As far back as 1748, Benjamin Franklin argued for draining swamps and marshes to improve public health and agriculture, reflecting the prevailing view that led to massive filling in and destruction of wetlands. This continued until the passage of the Clean Water Act of 1972 that gave wetlands federal protection and required anyone looking to work in or around them to go through a permitting process.

It’s one thing to protect the wetlands we still have, but how do we restore or recreate lost wetlands? There is a laundry list of challenges standing in the way.

The biggest challenge is money. Working in a dynamic system — affected by tides that go up and down by six to eight feet twice daily, commercial boats and hardened shorelines often developed right to the edge — requires dynamic approaches, which can be costly. Philadelphia shorelines bustled with industry and transport for over a century, creating a legacy of contamination requiring remediation before restoration can even be considered, which can significantly increase costs.

For example, the shuttered Philadelphia Energy Solutions refinery in Southwest Philadelphia sold for $225 million, and several hundred million more dollars are needed to remediate the site. This hefty tab is feasible for a developer envisioning a return on investment after building an e-commerce and life sciences hub, but it is out of reach for the usual ecological restoration funding sources.

In 2024, the William Penn Foundation offered $1 million for climate resilience planning in Philadelphia to be split amongst multiple projects. A national grant distributed nearly $91 million to 55 separate grantees. But this investment doesn’t come close to the potentially $1 billion price tag of the private sector development.

Even with capital campaigns, grants and donation matches, not-for-profit restoration cannot compete with private developers.

Buckner joins Lance Butler (at the helm) and other researchers to study the creatures of the Delaware. Photo by Ted Mullen.

The largest tidal wetland restorations in Philadelphia, including Pennypack on the Delaware, John Heinz National Wildlife Refuge at Tinicum and FDR Park, have been enabled by compensatory mitigation — regulations that aim for no-net-loss of wetlands by requiring anyone taking away wetlands to enhance, restore or create an equal value of wetlands (at their own expense) within the same watershed. It can be a valuable tool, but since another wetland must be destroyed to trigger mitigation, it doesn’t increase overall wetland acreage.
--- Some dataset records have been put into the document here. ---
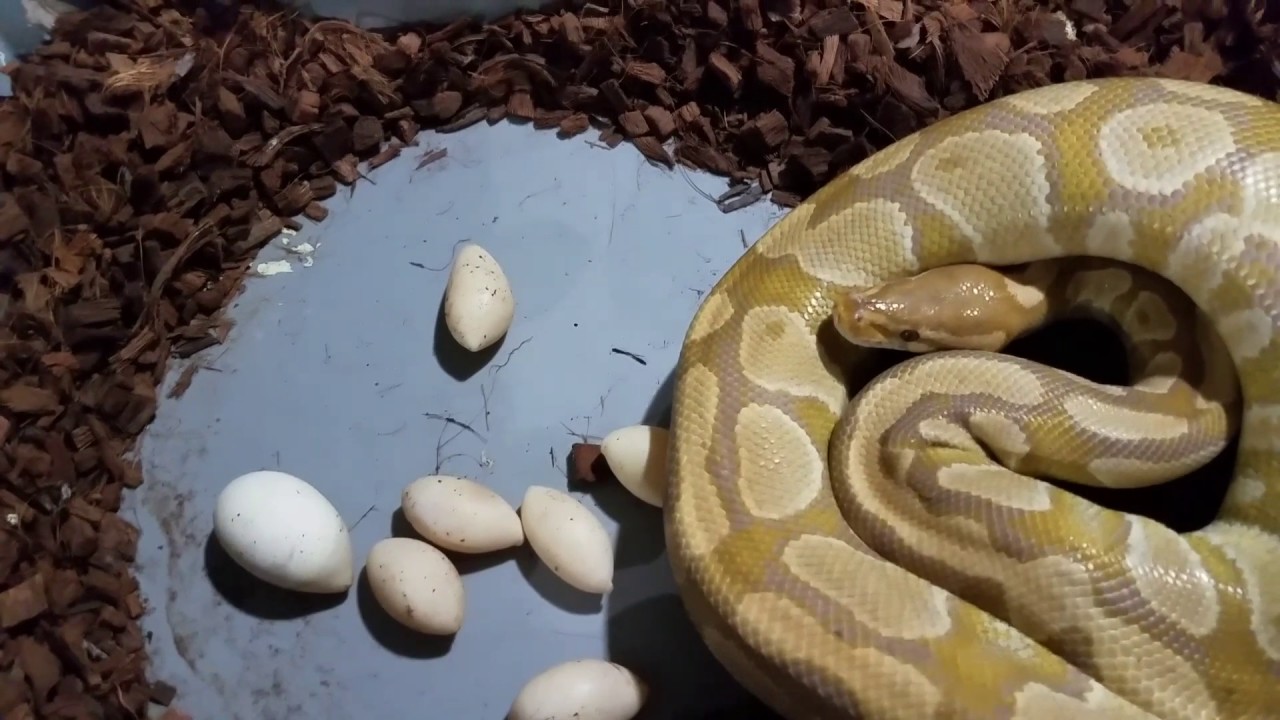 Ball python clutch #9. - YouTube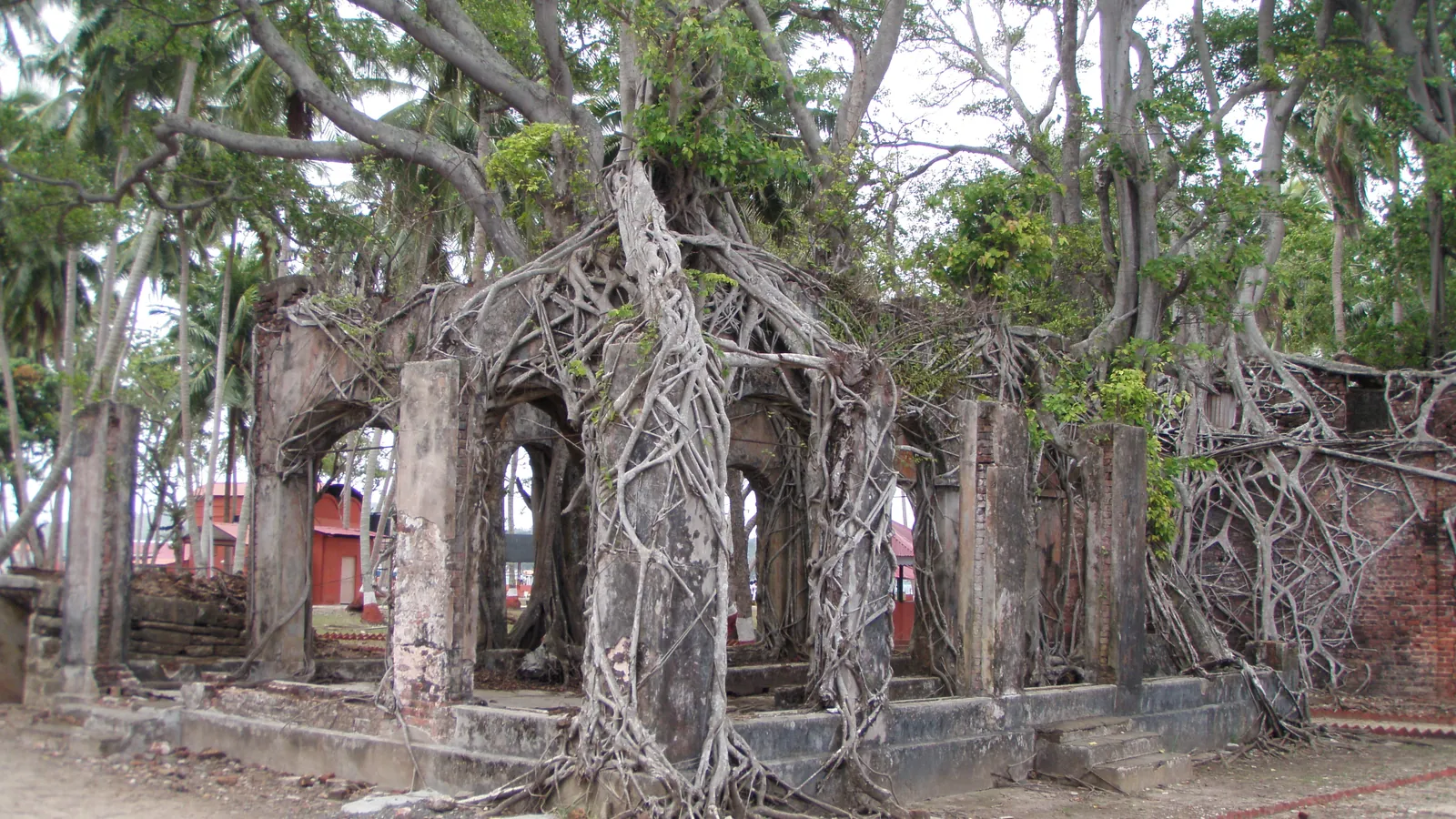 Tree roots growing over the ruins of colonial buildings on Ross Island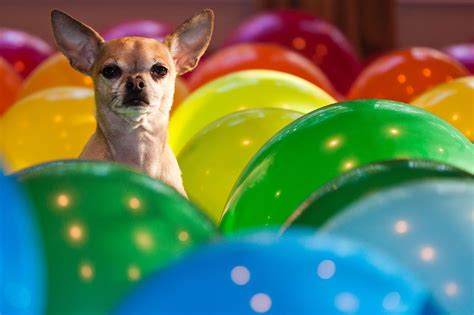 While your pup might not see every color of the rainbow, they do enjoy quite a few visual advantages over us humans. 6 Chihuahuas Who Have No Clue They're Tiny | Rover Blog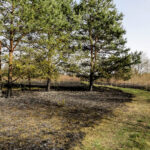 3.4.3016 Lurowizna. Łąki w okolicy Bobrzy po pożarze. / Wojciech Habdas / Radio Kielce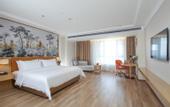 Туры в отель Vienna Hotel (Lingao Store)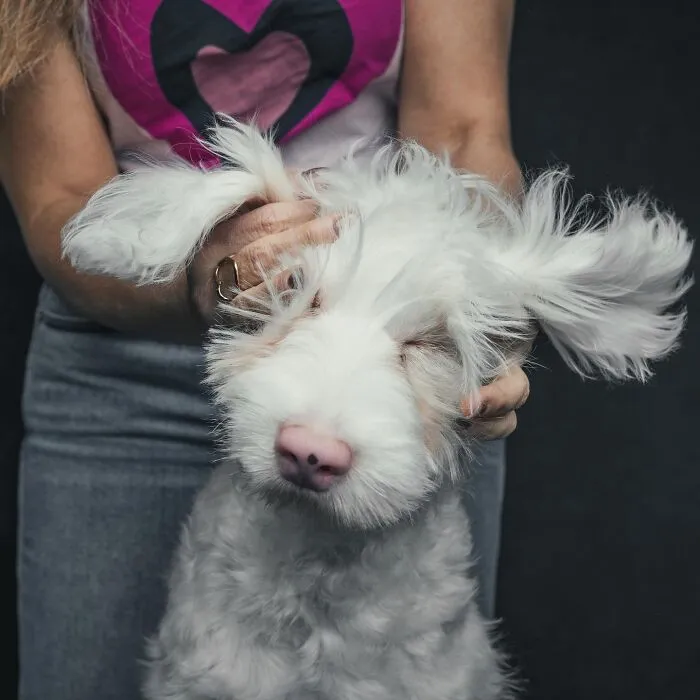 38 Photos From This Series That Prove How Powerful The Bond Between Dogs And Humans Can Be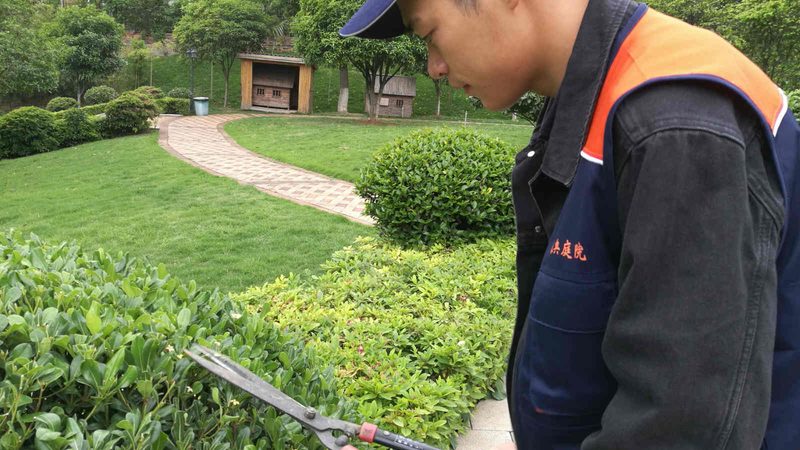 绿植租赁：厂家直供背后的优势与考量**
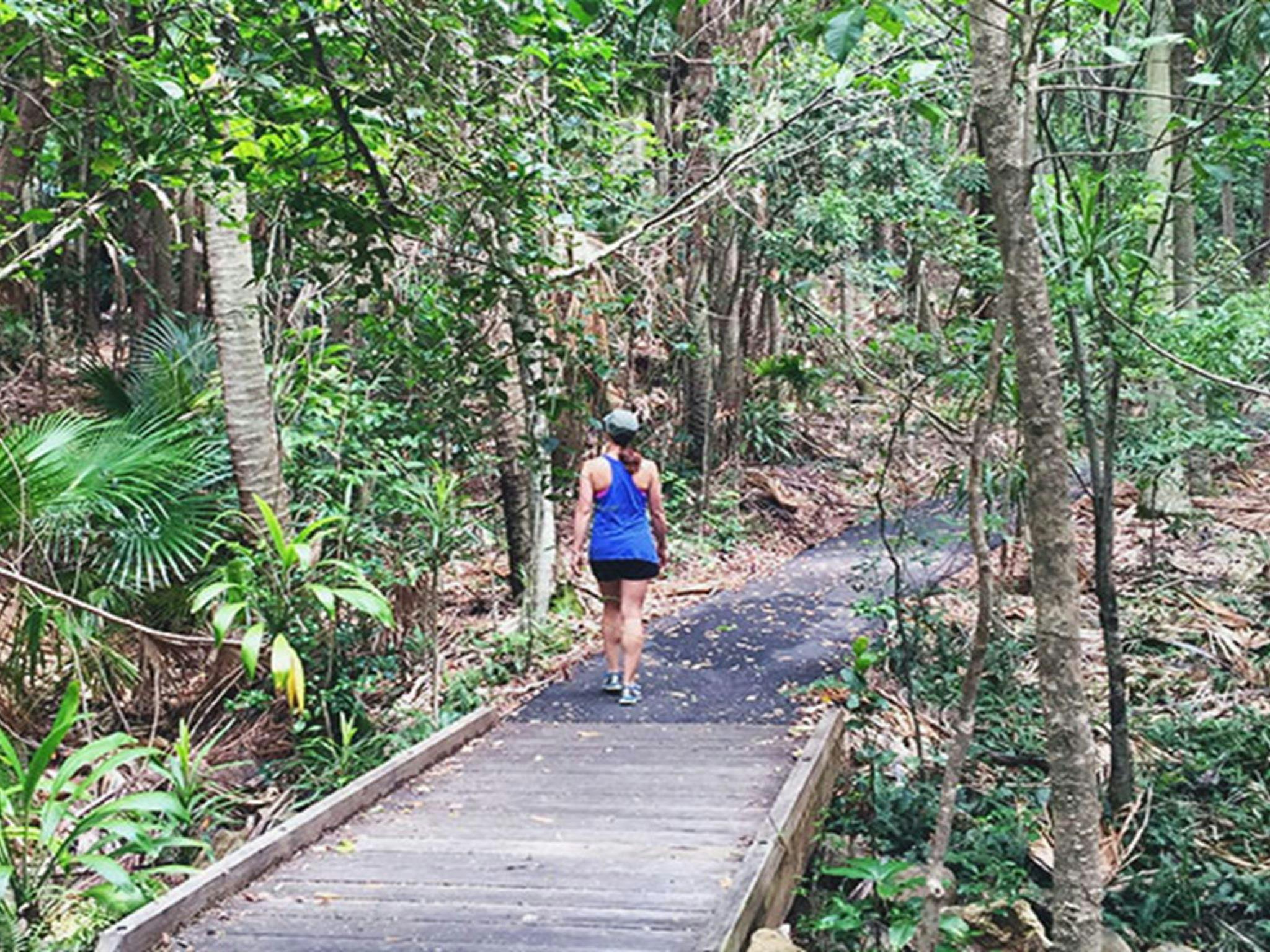 Palm Valley loop track, in Walgun Cape Byron State Conservation Area. Photo:OEH/Matthew Graham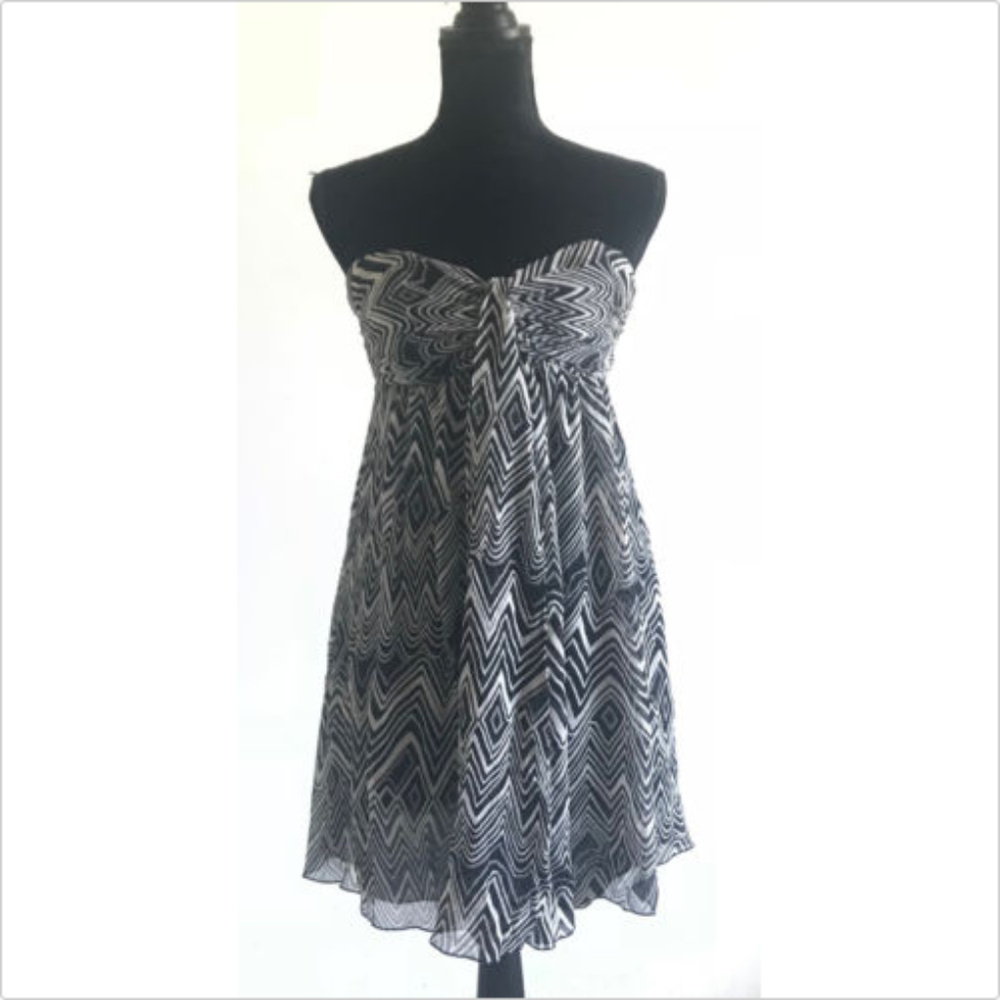 Express Silk Strapless Empire Waist Pattern Dress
Despite the valuable projects already mentioned, more wetlands have been lost than created in Philadelphia. Because mitigation can happen anywhere within the same watershed, cost-conscious developers look for the most available and easiest to restore land, often going as far as Bucks County. This also presents an environmental justice issue where communities experiencing the brunt of development lose the benefits of thriving ecosystems and the offsets are provided miles away to a community often with more natural resources.

Another big challenge is lack of space. In natural areas, rivers and wetlands have room to grow and move and adapt. By contrast, hard, permanent infrastructure leaves them with no place to go. In Philadelphia’s cramped waterfronts, we have small parcels to work with, but restoring a small area of wetlands requires leaping the same regulatory and planning hurdles as larger areas. Even if they cost more per unit, small projects can still be valuable. They’re often our only option.

Culturally, there can be resistance to supporting shoreline and wetland restoration. PWD senior scientist Lance Butler laments that these aquatic and wetland systems have been so disconnected from the upland area for so long that the public as a whole has a poor perception of them. “To change thinking is a tough thing to do,” Butler says. “It is incumbent on PWD and scientists to educate citizens on how important water resources are, not just drinking water or wastewater or stormwater, but all of the ecological properties that Philadelphia watersheds have. ”

Everyone I interviewed mentioned “regulatory hurdles,” the most concrete being the restrictions of the Philadelphia International Airport. The Federal Aviation Administration guidelines recommend that “hazardous wildlife attractants” such as wetlands not be located within five miles of the airport to protect aircraft from potential bird strikes. This restricts a significant amount of historic and potential wetland because of this safety concern.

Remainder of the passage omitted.